EXERCISE INSTRUCTIONS
Reply with one number: the count of lines in the data that hold the string "Package".

Collection entries:

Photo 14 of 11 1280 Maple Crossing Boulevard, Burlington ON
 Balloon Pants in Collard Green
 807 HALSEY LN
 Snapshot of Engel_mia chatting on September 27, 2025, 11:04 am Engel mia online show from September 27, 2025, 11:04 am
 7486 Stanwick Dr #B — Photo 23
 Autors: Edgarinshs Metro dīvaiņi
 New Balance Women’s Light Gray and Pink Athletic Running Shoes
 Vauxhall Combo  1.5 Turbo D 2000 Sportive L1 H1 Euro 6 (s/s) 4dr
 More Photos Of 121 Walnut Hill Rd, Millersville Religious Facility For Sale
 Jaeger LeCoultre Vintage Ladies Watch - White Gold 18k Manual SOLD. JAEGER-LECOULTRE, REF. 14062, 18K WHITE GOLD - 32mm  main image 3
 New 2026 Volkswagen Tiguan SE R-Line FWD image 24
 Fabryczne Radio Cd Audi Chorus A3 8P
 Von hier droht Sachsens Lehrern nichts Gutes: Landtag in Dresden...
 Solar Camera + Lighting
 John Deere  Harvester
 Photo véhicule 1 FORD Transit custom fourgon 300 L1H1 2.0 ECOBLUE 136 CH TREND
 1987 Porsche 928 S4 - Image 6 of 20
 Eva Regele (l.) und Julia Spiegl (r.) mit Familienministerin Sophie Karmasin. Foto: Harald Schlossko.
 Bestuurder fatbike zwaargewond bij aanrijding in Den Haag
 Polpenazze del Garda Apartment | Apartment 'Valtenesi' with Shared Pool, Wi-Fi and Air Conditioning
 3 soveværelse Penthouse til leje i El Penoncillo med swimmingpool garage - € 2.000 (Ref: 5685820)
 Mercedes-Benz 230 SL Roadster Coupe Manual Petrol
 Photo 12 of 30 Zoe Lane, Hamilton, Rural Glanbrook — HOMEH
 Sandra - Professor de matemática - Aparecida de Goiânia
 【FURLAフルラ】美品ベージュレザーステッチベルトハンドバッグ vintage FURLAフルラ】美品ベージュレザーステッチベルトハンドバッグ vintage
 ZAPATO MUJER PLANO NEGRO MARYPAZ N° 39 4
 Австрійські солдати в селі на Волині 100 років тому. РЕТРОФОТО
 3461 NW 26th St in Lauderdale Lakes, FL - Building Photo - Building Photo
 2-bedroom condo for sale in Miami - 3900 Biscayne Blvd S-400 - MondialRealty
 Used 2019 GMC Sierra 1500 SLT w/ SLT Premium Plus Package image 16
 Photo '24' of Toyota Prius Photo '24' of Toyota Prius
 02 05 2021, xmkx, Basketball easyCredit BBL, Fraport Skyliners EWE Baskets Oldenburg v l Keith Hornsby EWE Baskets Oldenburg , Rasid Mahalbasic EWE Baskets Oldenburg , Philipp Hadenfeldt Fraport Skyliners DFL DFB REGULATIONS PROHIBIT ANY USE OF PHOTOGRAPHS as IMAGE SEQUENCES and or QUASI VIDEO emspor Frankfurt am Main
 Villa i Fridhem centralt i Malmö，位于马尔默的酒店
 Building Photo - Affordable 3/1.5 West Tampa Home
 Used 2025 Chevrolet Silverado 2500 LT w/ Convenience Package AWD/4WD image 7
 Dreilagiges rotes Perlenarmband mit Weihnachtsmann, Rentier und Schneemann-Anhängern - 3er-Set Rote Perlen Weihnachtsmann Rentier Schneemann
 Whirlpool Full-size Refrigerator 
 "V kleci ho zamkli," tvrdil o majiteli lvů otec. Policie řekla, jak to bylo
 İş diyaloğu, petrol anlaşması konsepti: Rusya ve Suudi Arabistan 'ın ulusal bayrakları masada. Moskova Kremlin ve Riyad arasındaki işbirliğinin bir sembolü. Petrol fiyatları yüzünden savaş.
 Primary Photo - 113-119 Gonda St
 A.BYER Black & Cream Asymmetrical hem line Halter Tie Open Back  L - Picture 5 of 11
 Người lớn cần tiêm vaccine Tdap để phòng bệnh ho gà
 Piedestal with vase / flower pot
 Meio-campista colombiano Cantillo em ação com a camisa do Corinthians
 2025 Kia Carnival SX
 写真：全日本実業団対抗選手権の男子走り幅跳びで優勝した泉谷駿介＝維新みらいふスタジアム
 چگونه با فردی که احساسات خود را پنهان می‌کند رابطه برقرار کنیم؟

RESULT BELOW
2